La ballade de Nicolas Jones - Patrick Roy
Nicolas Jones, la trentaine, habitant de Québec, pose sur sa vie un constat d'échec et ne va à peu près nulle part jusqu'à ce qu'il rencontre Marie-Sarah, au tout début du roman. Il ne sait pas trop comment il doit agir avec elle, tiraillé qu'il est entre l'attirance et la peur, mais plombé par la solitude en toutes circonstances, même devant une partie de hockey avec ses amis. L'inaction est un thème récurrent dans le roman. Jones, dans sa jeunesse, a été souvent trop timide, trop lâche, trop pessimiste, trop faible pour agir, ce qui explique pourquoi, âgé de maintenant quelque trente années, il est imbibé de regrets et de honte et peut toujours aussi peu agir, empêtré qu'il est dans ses échecs antérieurs: « il vaudrait mieux tout débrancher, mes veines et l'électricité, que ce n'est pas en dépendant des succès de Gagné que je lèverai mes statu quo pour liquider ma flemme, la force d'inertie dont les échecs m'ont pétri. Je caille. Du mouvement. » (p.59)Jones ne va pas tout d'un coup devenir un champion (comme l'aurait voulu son père), il choisit plutôt de s'accepter tel qu'il est, un perdant.

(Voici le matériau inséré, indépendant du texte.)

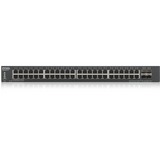 Zyxel XGS1930-52 Administreret L3 Gigabit Ethernet (10/100/1000) Sort, Switch Sort, Administreret, L3, Gigabit Ethernet (10/100/1000), Stativ-montering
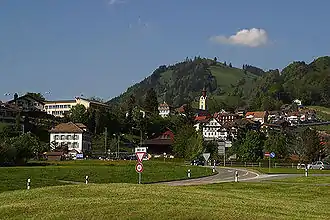 Dorf Sattel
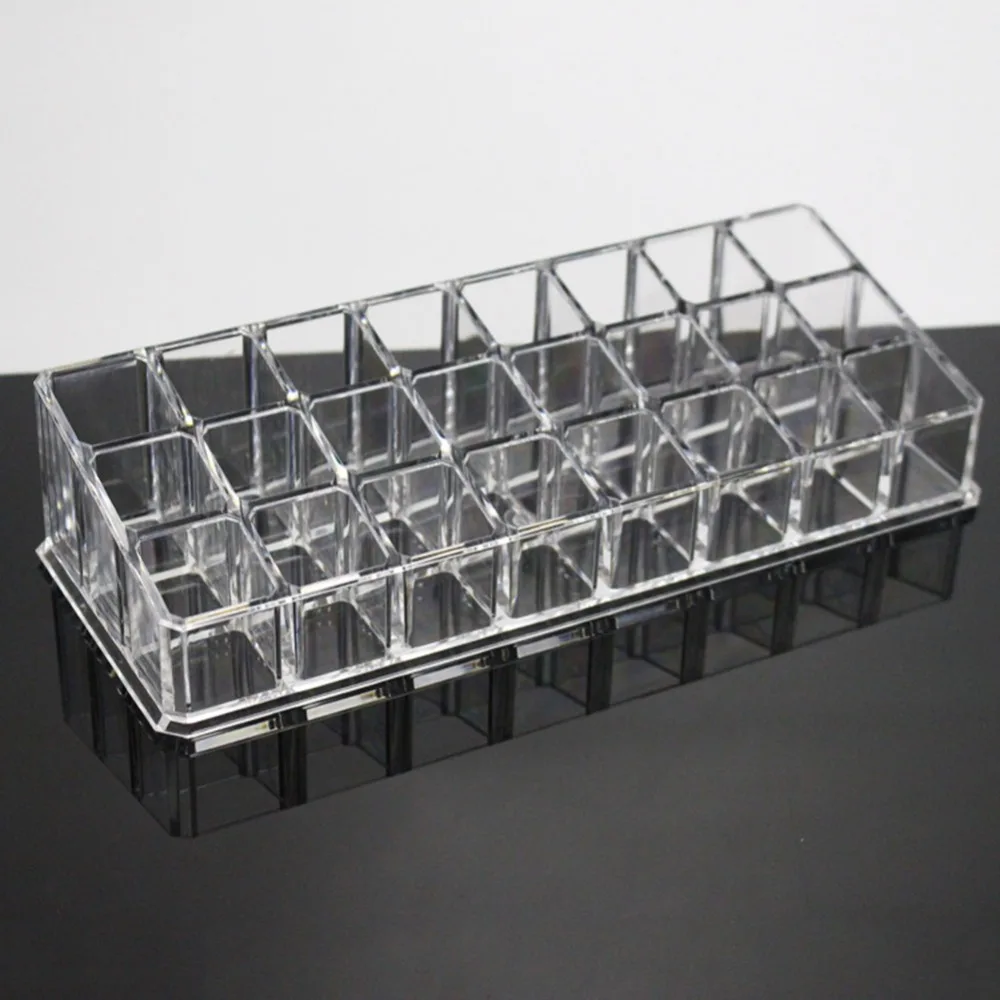 

Acrylic Makeup Brush Holder Eyeliner Storage Box Eyebrow Pencil Display Stand Makeup Brush Storage Holder jewelry organizer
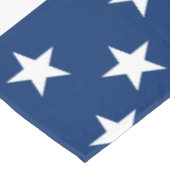 Amerikaanse vlaggestars en stripes tafelkleed (Gekanteld)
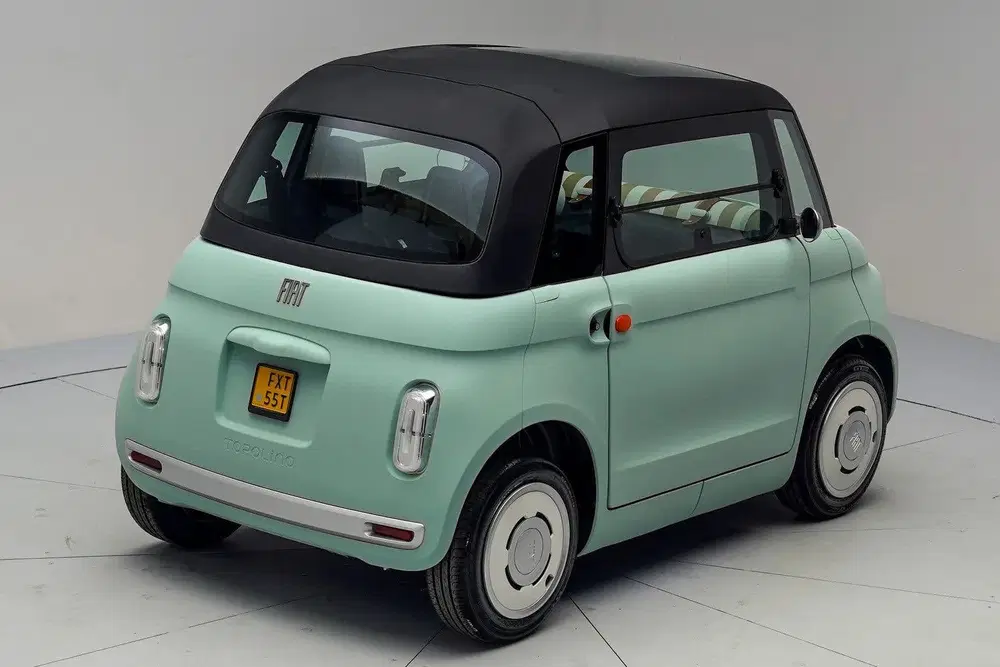 Fiat Topolino 75KM [ Panoramadak Direct leverbaar Inclus uit 2026, foto 9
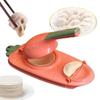 Molde Manual para Hacer Empanadillas, Herramienta de Cocina para Hacer Empanadillas, Artefacto Manual para Hornear Pastelería para Presionar Masa de Empanadilla, Molde Envoltorio, Prensa para Masa
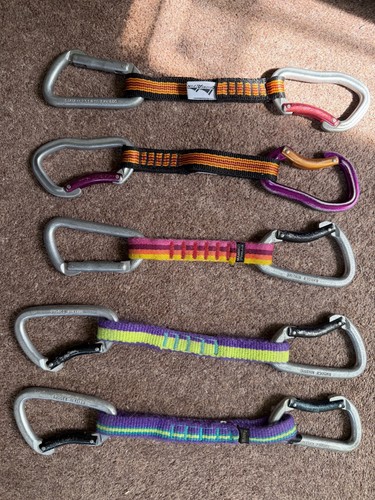 Quickdraws climbing - quickdraws,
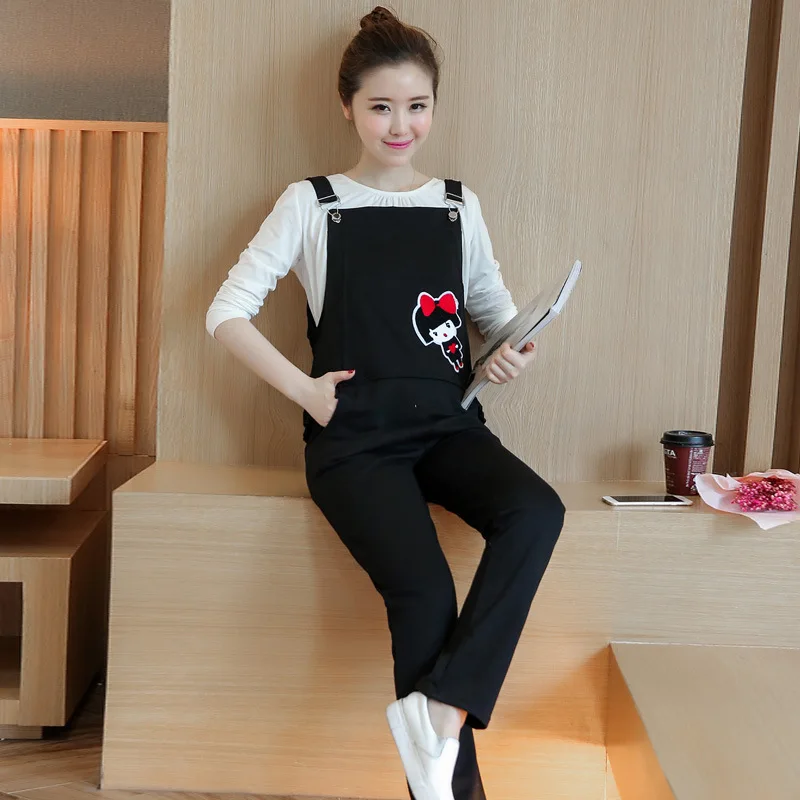 

Fashion Maternity Clothing Premama Clothes For Pregnant Women Plus Size Pregnant Trousers Pants Big Belly Pregnancy Pants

La télévision - Jean-Philippe Toussaint
Un homme prend une année sabbatique pour se consacrer entièrement à l'écriture d'un essai sur le peintre Titien. Le roman raconte l'été qu'il passe à Berlin, loin de sa femme enceinte et de son enfant partis en vacances, à se préparer à écrire. Oui, vraiment, il passe l'été à se préparer à écrire son essai. Simultanément, il décide de cesser de regarder la télévision. Le roman constitue à la fois une description de son travail au quotidien (petits déjeuners studieux, piscines berlinoises, promenades dans les parcs) et, quoique dans une moindre mesure, une étude de son état d'esprit depuis qu'il a arrêté de regarder la télévision. Il doit de plus s'occuper des plantes que ses voisins lui ont confié pendant leurs vacances, mais, même s'ils lui ont laissé un horaire d'arrosage détaillé, il ne parvient pas à remplir cette délicate mission. Les décisions que prend le personnage principal de La télévision entravent sérieusement ses actions. Plus souvent qu'autrement, il semble n'avoir aucune intentionnalité, c'est-à-dire qu'il ne vise aucun objectif en particulier (éteindre la télévision), ou bien, lorsqu'il a un objectif, il fait exactement le contraire de ce qu'il devrait faire: au lieu de se concentrer sur son essai, il passe son temps à divers passe-temps, ce qu'il appelle travailler ; au lieu d'arroser les plantes de ses voisins à partir du calendrier qu'ils lui ont laissé, il regarde les plantes mourir et essaie ensuite de les ressusciter, notamment en les mettant au réfrigérateur. Ses échecs découlent presque toujours du fait de son indécision maladive et de son incapacité à poser des actions simples.